→ **Instructions to follow**: Set down, exactly and with nothing added, the lines running from the one that holds "229 W GORGAS LANE, PHILADELPHIA, PA 19119" to the final line of the records. Pictures stay out of the copy.

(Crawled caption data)

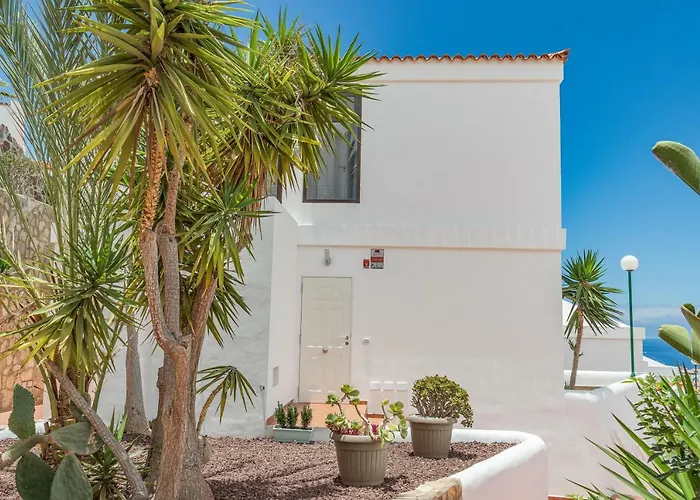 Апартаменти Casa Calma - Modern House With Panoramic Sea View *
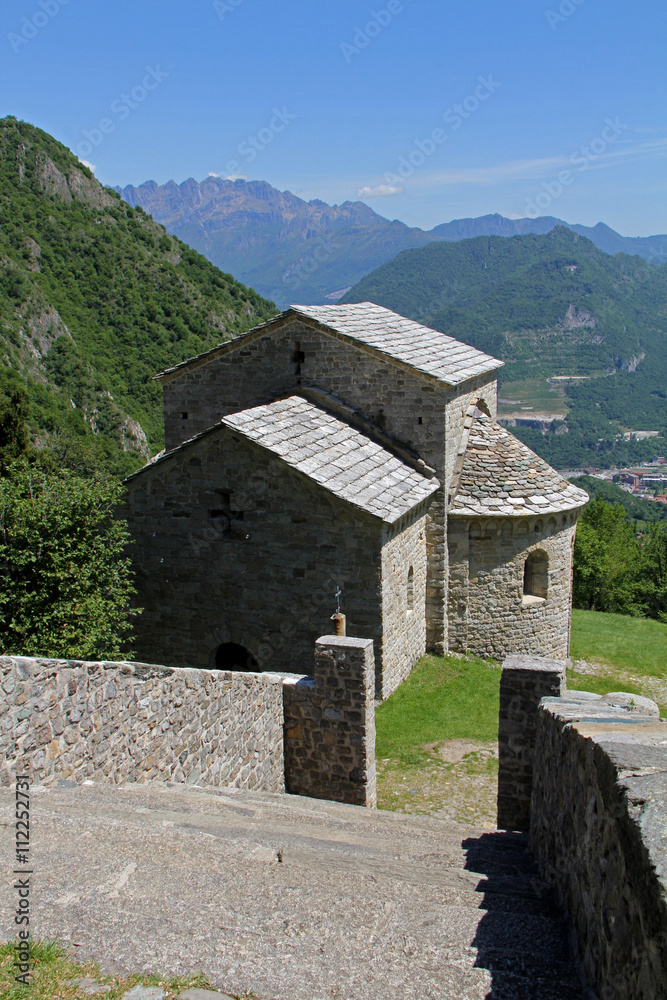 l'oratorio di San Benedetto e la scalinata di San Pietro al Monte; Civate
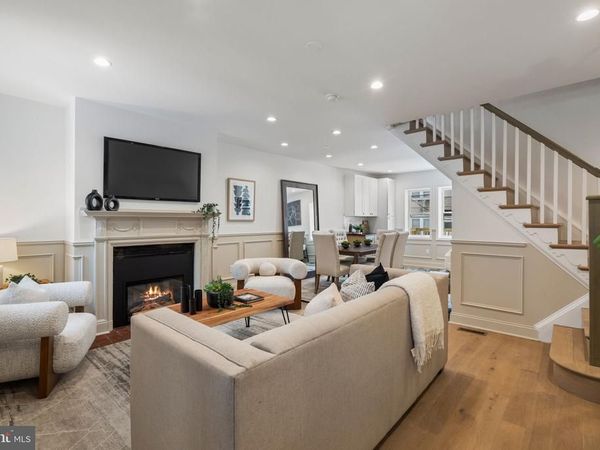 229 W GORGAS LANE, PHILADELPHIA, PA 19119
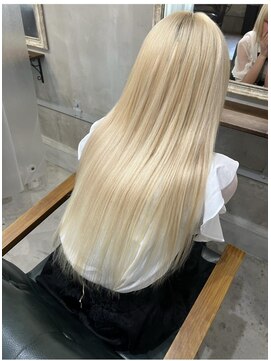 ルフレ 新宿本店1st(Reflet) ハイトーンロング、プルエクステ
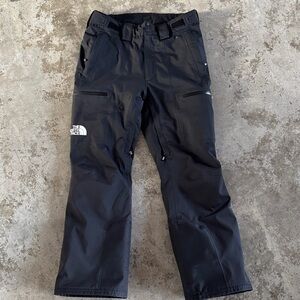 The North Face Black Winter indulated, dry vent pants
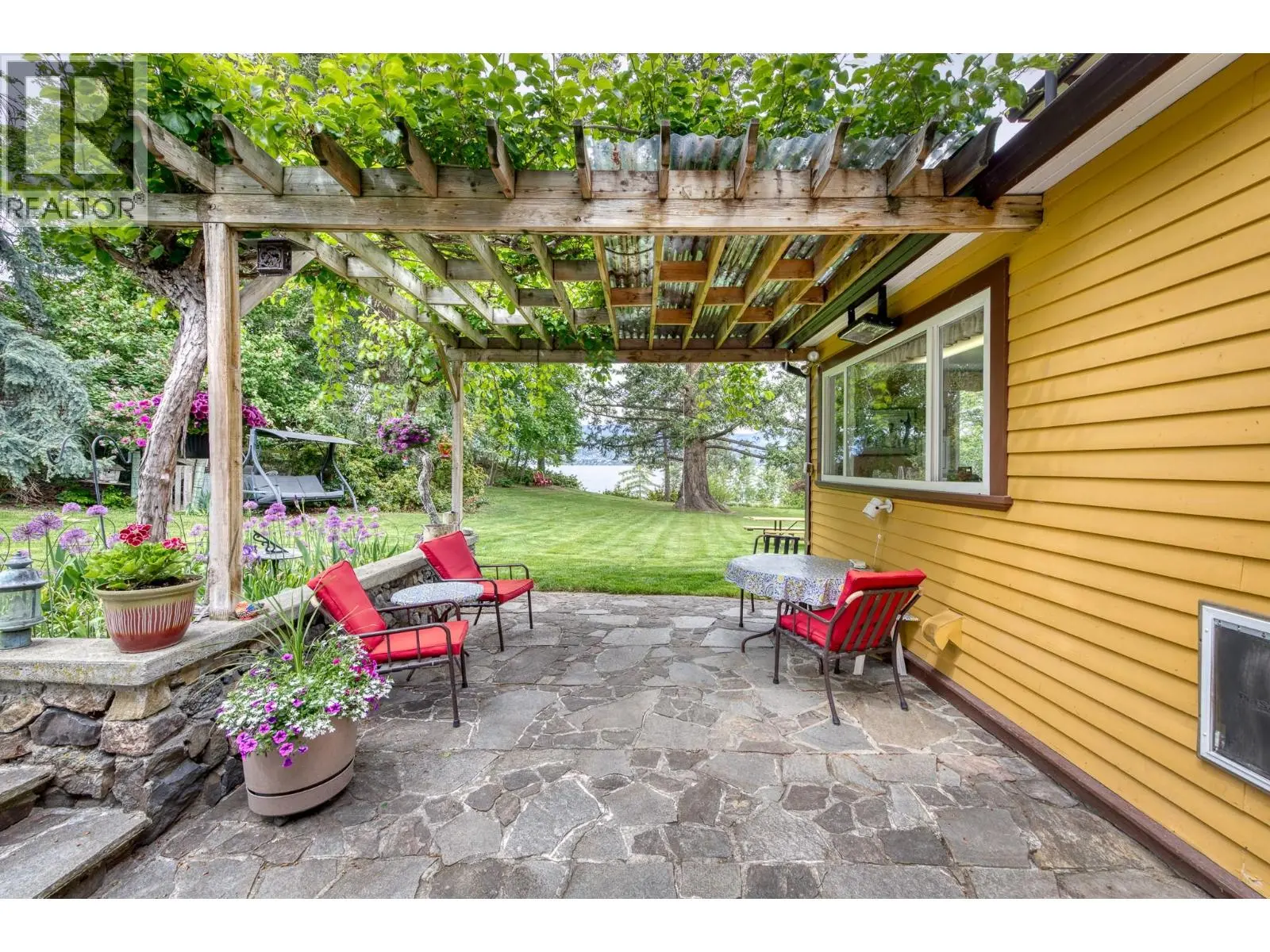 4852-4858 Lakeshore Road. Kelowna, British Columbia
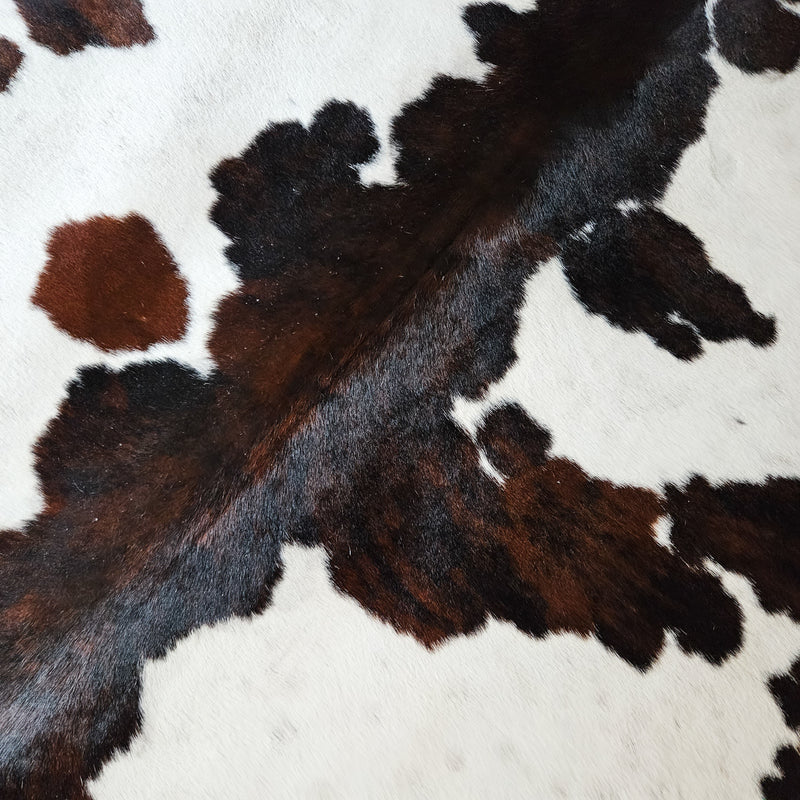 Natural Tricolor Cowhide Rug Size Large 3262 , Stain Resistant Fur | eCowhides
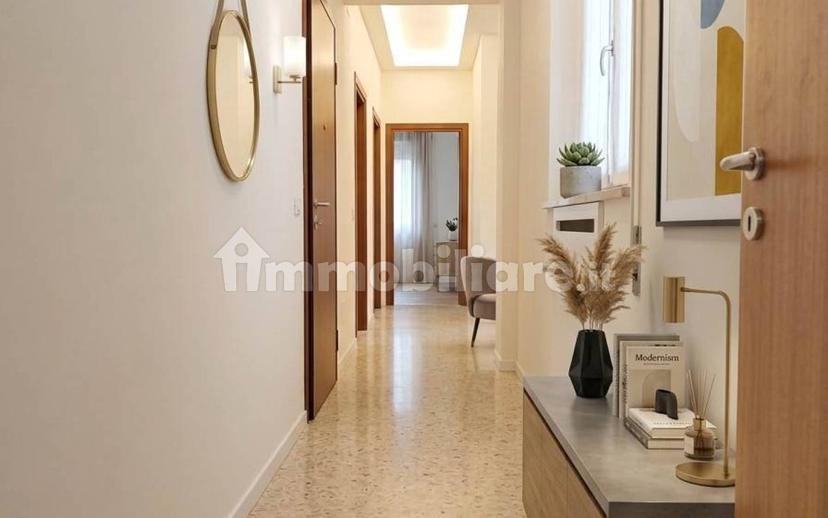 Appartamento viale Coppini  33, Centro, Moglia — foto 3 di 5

→ **Answer space**:
 229 W GORGAS LANE, PHILADELPHIA, PA 19119
 ルフレ 新宿本店1st(Reflet) ハイトーンロング、プルエクステ
 The North Face Black Winter indulated, dry vent pants
 4852-4858 Lakeshore Road. Kelowna, British Columbia
 Natural Tricolor Cowhide Rug Size Large 3262 , Stain Resistant Fur | eCowhides
 Appartamento viale Coppini  33, Centro, Moglia — foto 3 di 5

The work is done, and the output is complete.